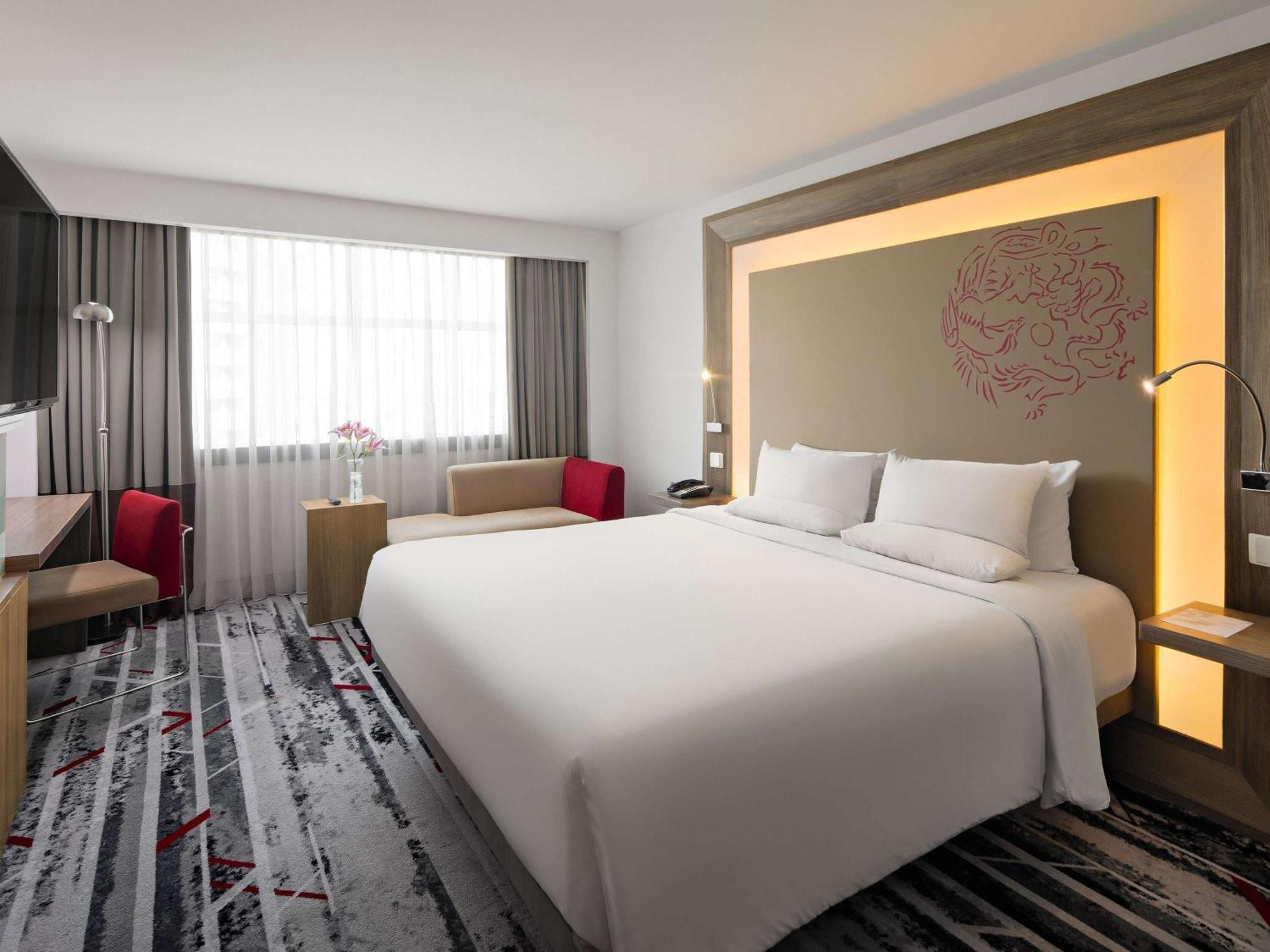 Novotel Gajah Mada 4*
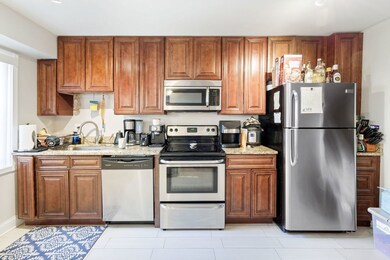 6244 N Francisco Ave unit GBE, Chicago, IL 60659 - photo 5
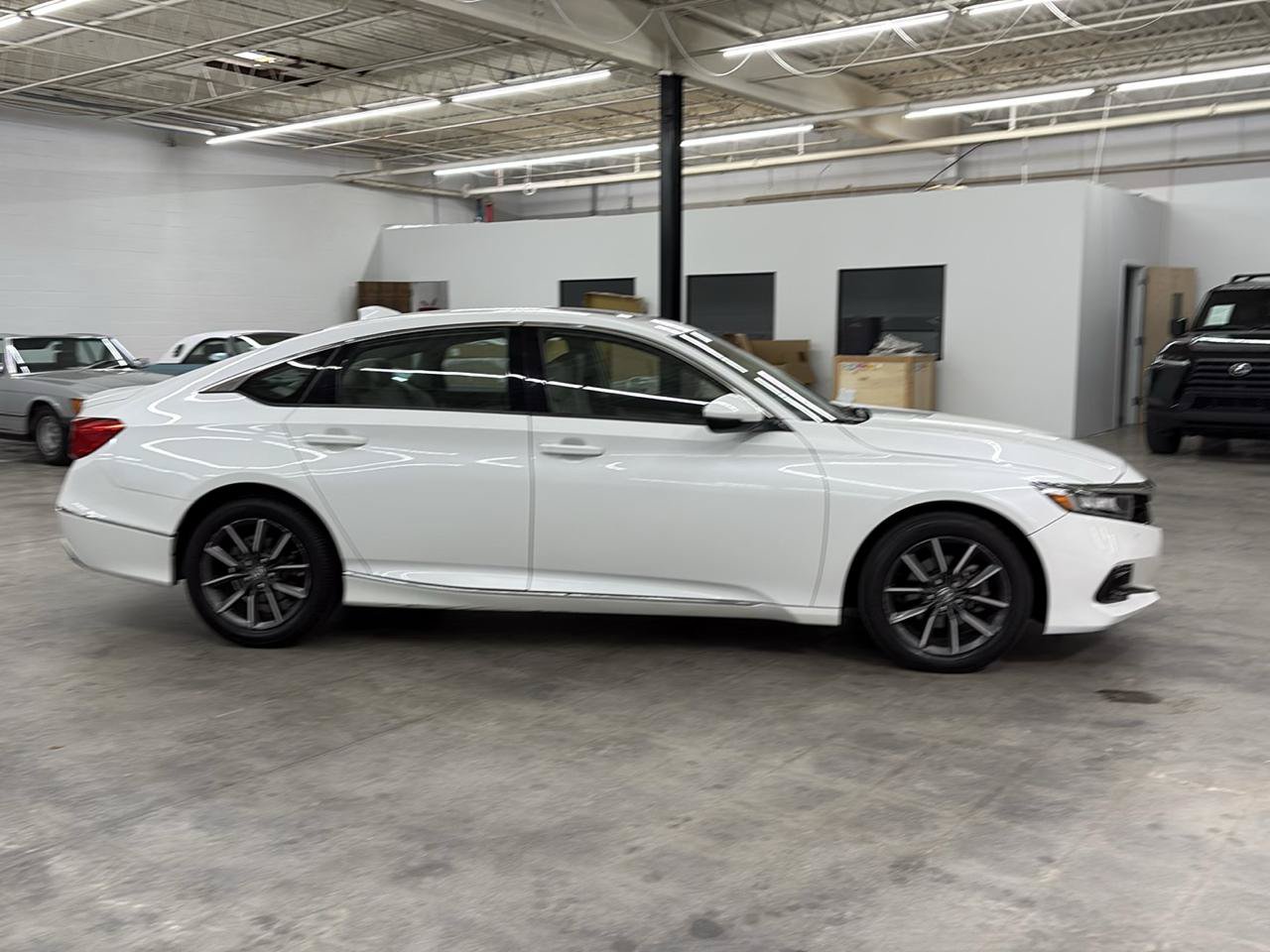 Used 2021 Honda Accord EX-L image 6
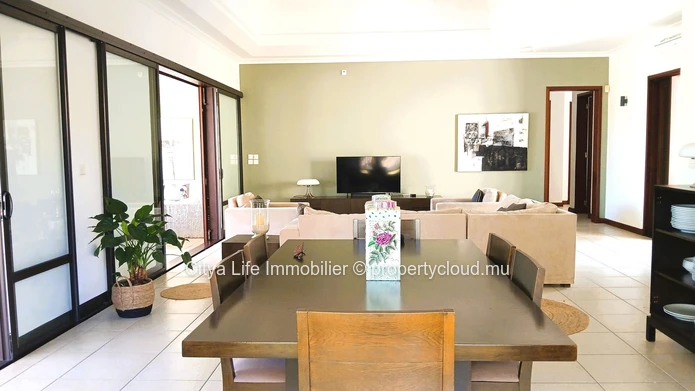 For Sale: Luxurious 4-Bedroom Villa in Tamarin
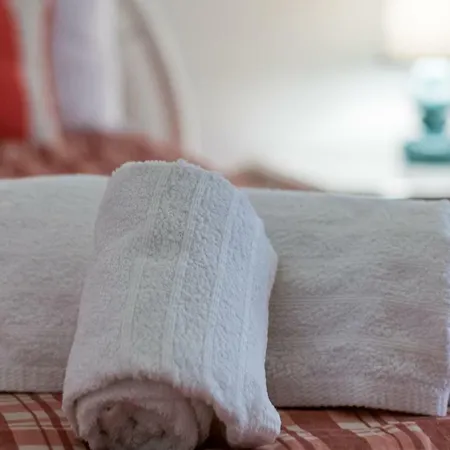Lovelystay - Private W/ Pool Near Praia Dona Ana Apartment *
▬▬▬
§ Task objective
Copy exactly the lines from the line that has "6244 N Francisco" through the last line of the entries above, inclusive, and no others. Pictures do not go in the copy.

§ Finished task
 6244 N Francisco Ave unit GBE, Chicago, IL 60659 - photo 5
 Used 2021 Honda Accord EX-L image 6
 For Sale: Luxurious 4-Bedroom Villa in Tamarin
Lovelystay - Private W/ Pool Near Praia Dona Ana Apartment *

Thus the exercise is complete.